About this exercise →
The records that follow are to be transcribed in full, without their images.

[[ Information provided, beginning ]]

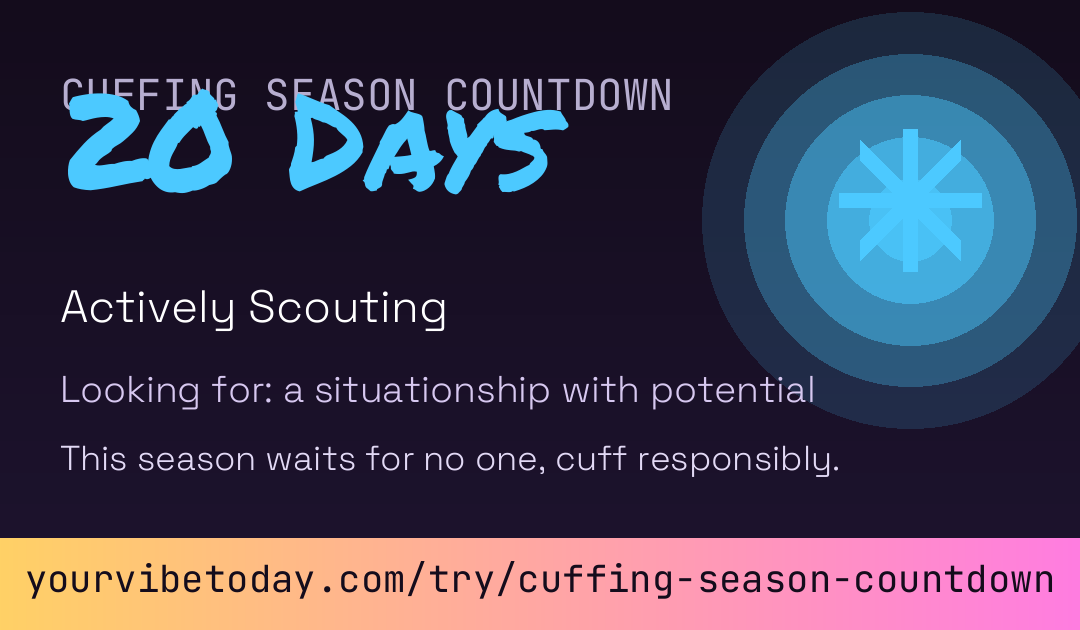 Cuffing Season Countdown card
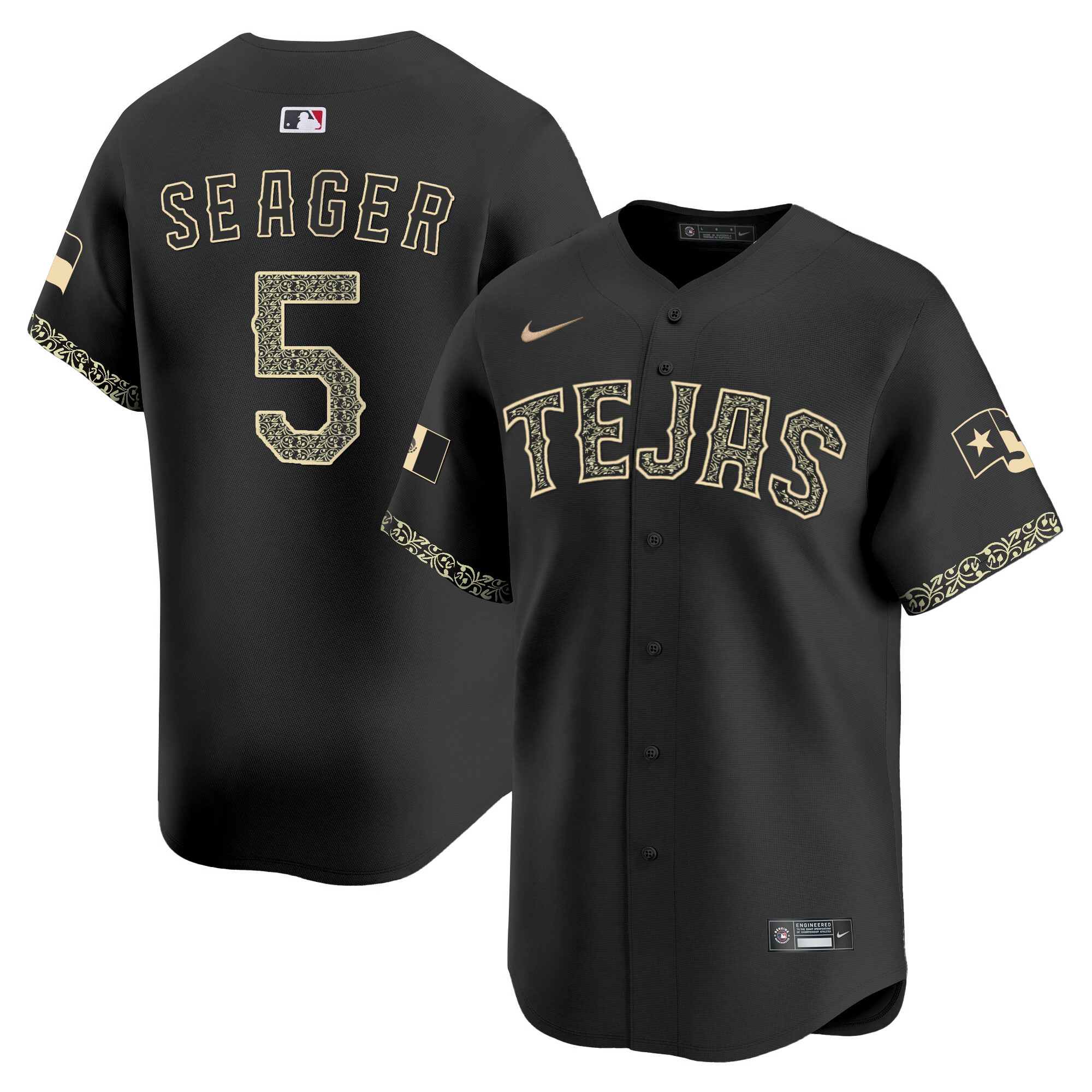 Corey Seager Men's Texas Rangers Mexico Vapor Premier Limited V2 Black Heritage Jersey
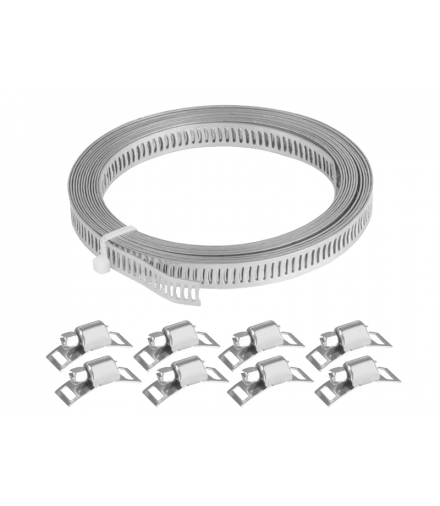 Zestaw do robienia opasek zaciskowych: taśma 8 mm x 3 m + 8 zacisków ślimakowych, 86084. LX86084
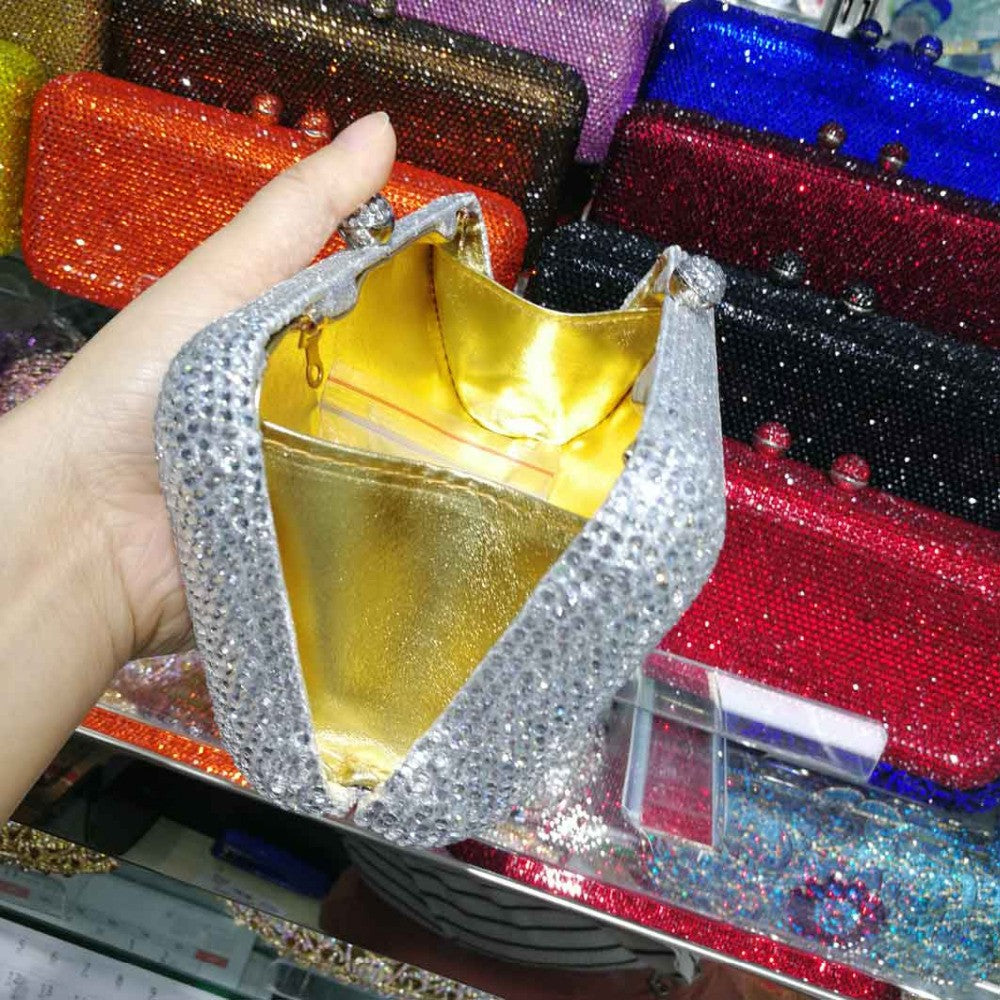Wine Cheaper Crystal Rhinestones Women Evening Clutch Bag Bridal Wedding Clutches Party Dinner Prom Chain Shoulder Handbag Purse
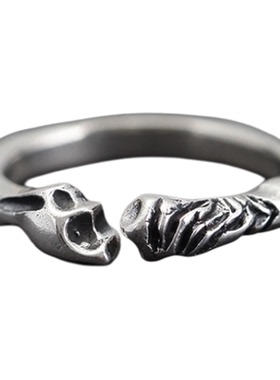 《肋骨》盔甲软肋铜镀银情侣戒指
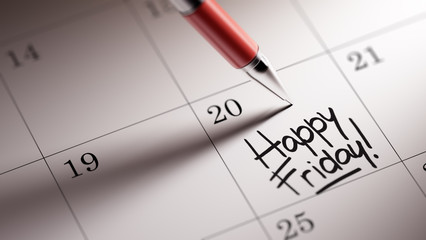 Closeup of a personal agenda setting an important date written w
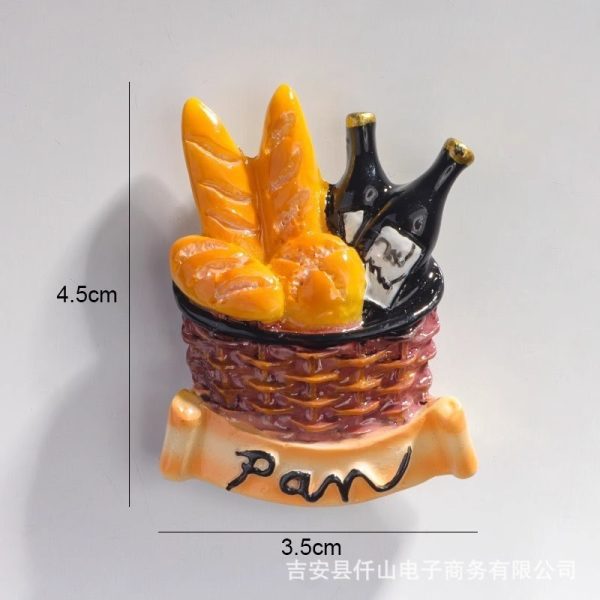Nam châm tủ lạnh đồ ăn 3D BL174 - Bánh Mì Rượu Vang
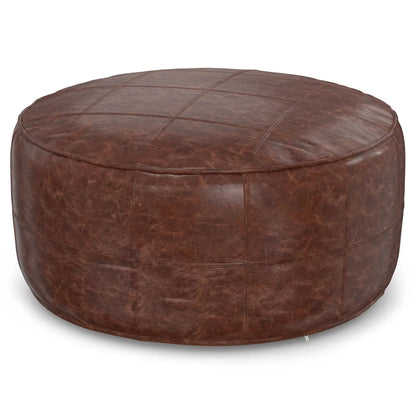 Connor - Handcrafted Round Pouf, brown leather with grid-stitched top on Tampa Home & Garden Store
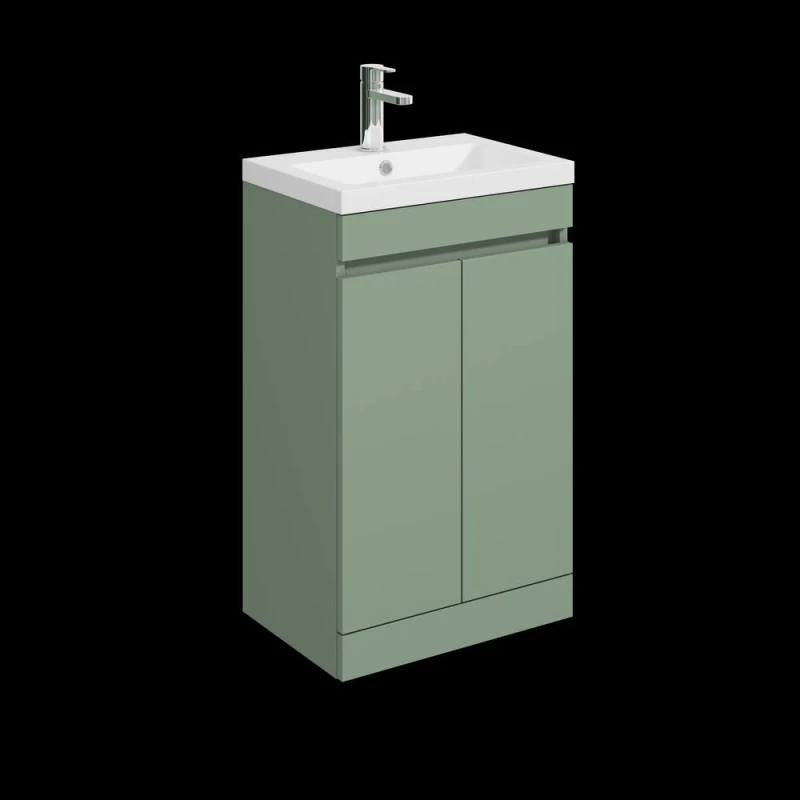 Image of Balterley 500mm Floor Standing 2 Door Unit with Polymarble Basin - Green Green Unisex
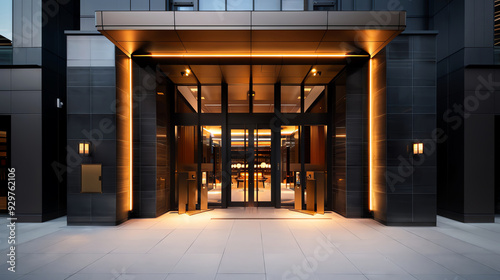 Elegant restaurant facade with inviting entrance and signage.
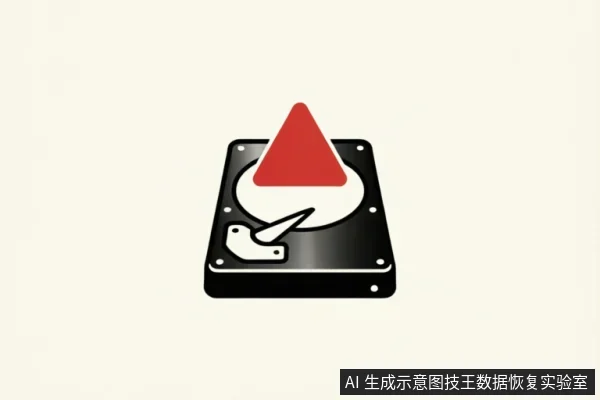 图片展示了一个黑色的机械硬盘图标,其上方叠加了一个醒目的红色三角形警告标志。该视觉符号直观地传达了存储设备故障、数据丢失风险或系统异常警报的含义,常用于提示用户注意硬件问题或停止写入操作。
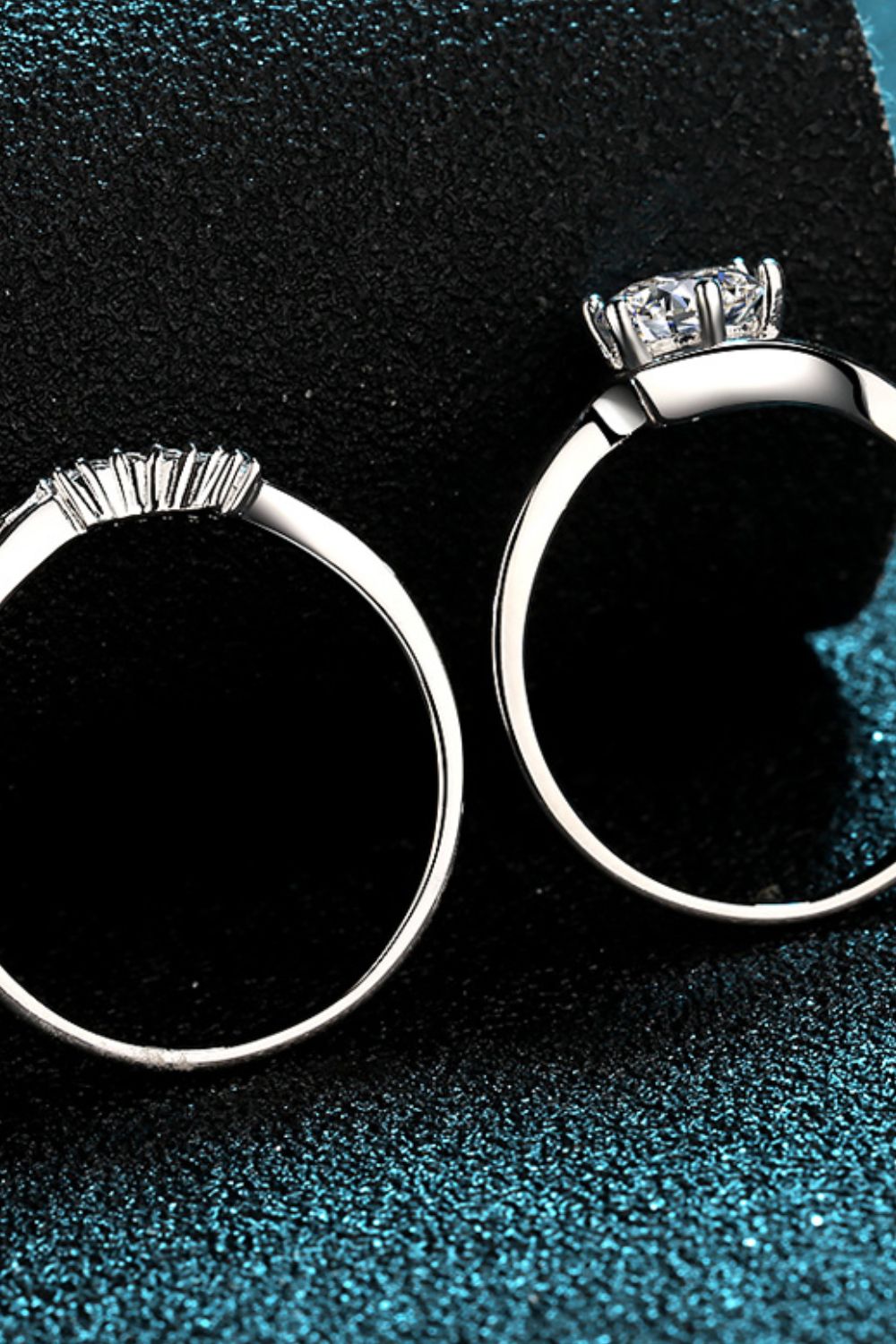 Silver Moissanite & Zircon Two-Piece Ring SetRingBeach Rose Co.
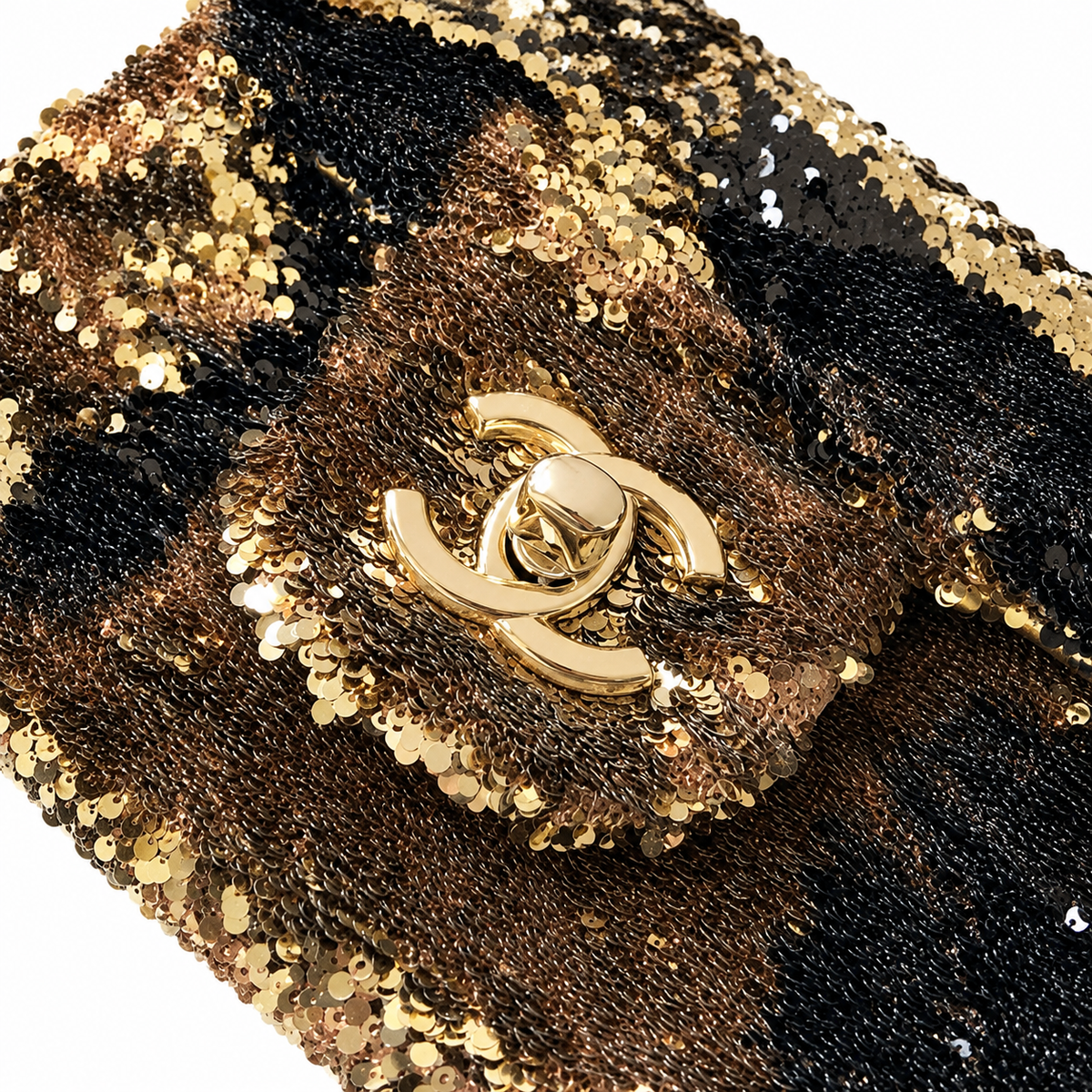 Chanel Black & Gold Tiger-Stripe Sequin Medium Flap Bag | Gold Silk Lining, Nude Piping & CC Turn-Lock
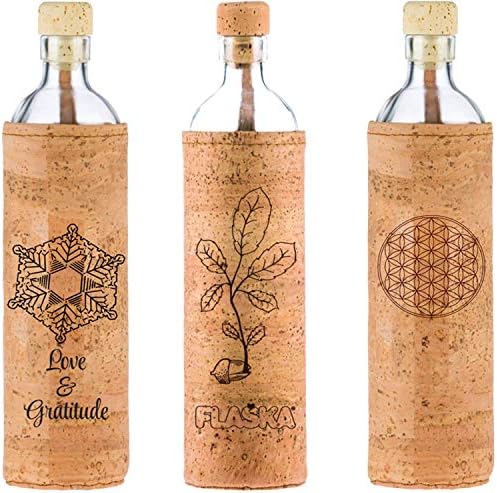 FLASKA Glass Water Bottle with Water Structuring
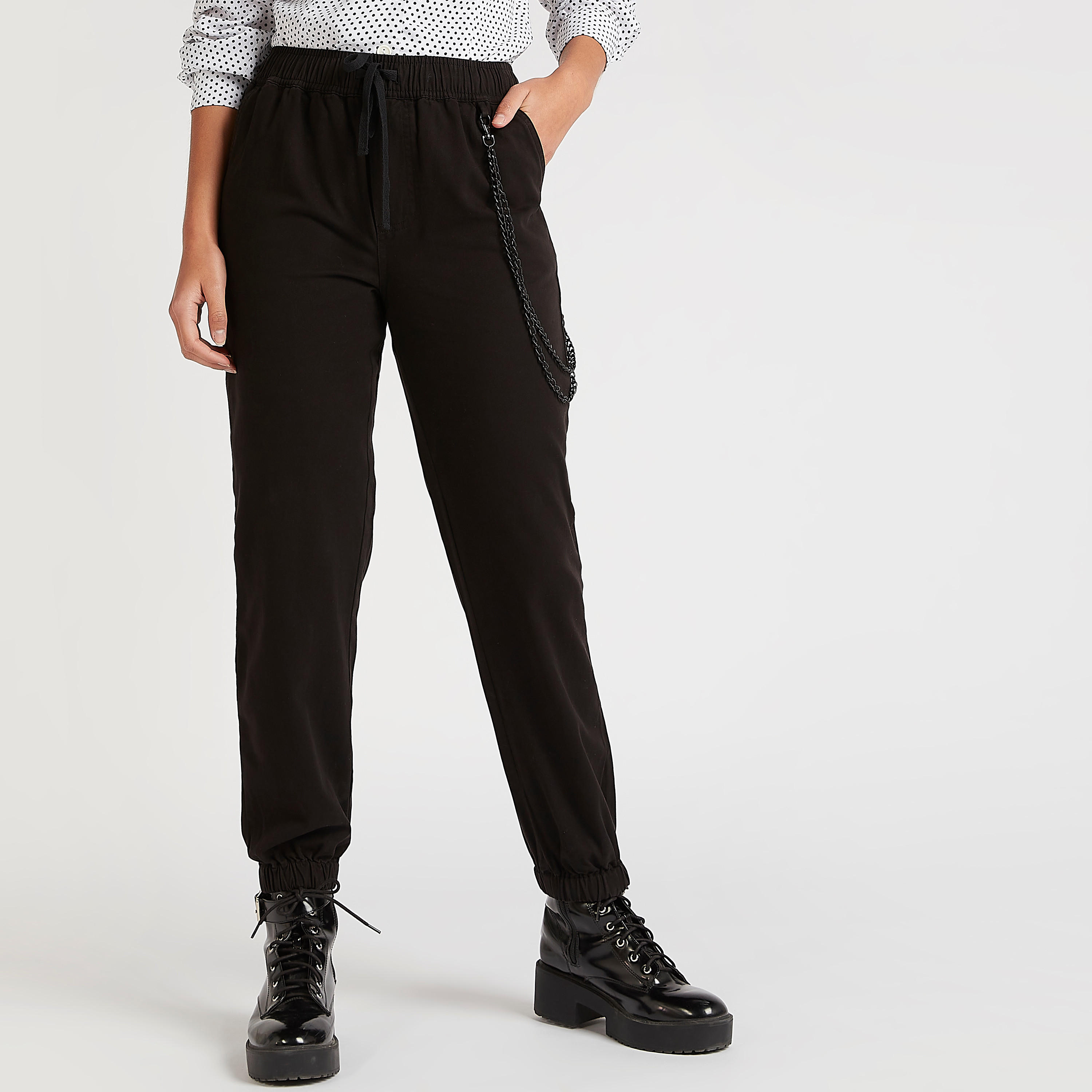 Lee Cooper Solid Joggers with Drawstring Closure-women-clothing-bottoms-joggers-image-1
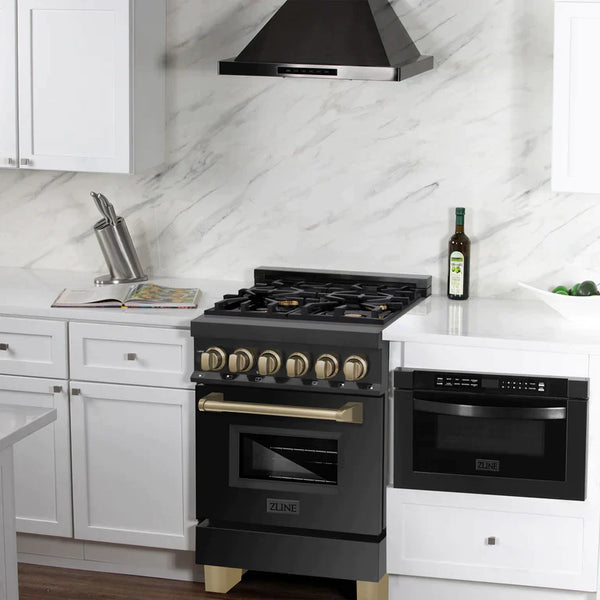 ZLINE Autograph Edition 24 Inch 2.8 cu. ft. Dual Fuel Range with Gas Stove and Electric Oven in Black Stainless Steel with Champagne Bronze Accents 10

[[ Information provided, end ]]

Expected answer →
 Cuffing Season Countdown card
 Corey Seager Men's Texas Rangers Mexico Vapor Premier Limited V2 Black Heritage Jersey
 Zestaw do robienia opasek zaciskowych: taśma 8 mm x 3 m + 8 zacisków ślimakowych, 86084. LX86084
Wine Cheaper Crystal Rhinestones Women Evening Clutch Bag Bridal Wedding Clutches Party Dinner Prom Chain Shoulder Handbag Purse
 《肋骨》盔甲软肋铜镀银情侣戒指
 Closeup of a personal agenda setting an important date written w
Nam châm tủ lạnh đồ ăn 3D BL174 - Bánh Mì Rượu Vang
 Connor - Handcrafted Round Pouf, brown leather with grid-stitched top on Tampa Home & Garden Store
 Image of Balterley 500mm Floor Standing 2 Door Unit with Polymarble Basin - Green Green Unisex
 Elegant restaurant facade with inviting entrance and signage.
 图片展示了一个黑色的机械硬盘图标,其上方叠加了一个醒目的红色三角形警告标志。该视觉符号直观地传达了存储设备故障、数据丢失风险或系统异常警报的含义,常用于提示用户注意硬件问题或停止写入操作。
 Silver Moissanite & Zircon Two-Piece Ring SetRingBeach Rose Co.
 Chanel Black & Gold Tiger-Stripe Sequin Medium Flap Bag | Gold Silk Lining, Nude Piping & CC Turn-Lock
 FLASKA Glass Water Bottle with Water Structuring
 Lee Cooper Solid Joggers with Drawstring Closure-women-clothing-bottoms-joggers-image-1
 ZLINE Autograph Edition 24 Inch 2.8 cu. ft. Dual Fuel Range with Gas Stove and Electric Oven in Black Stainless Steel with Champagne Bronze Accents 10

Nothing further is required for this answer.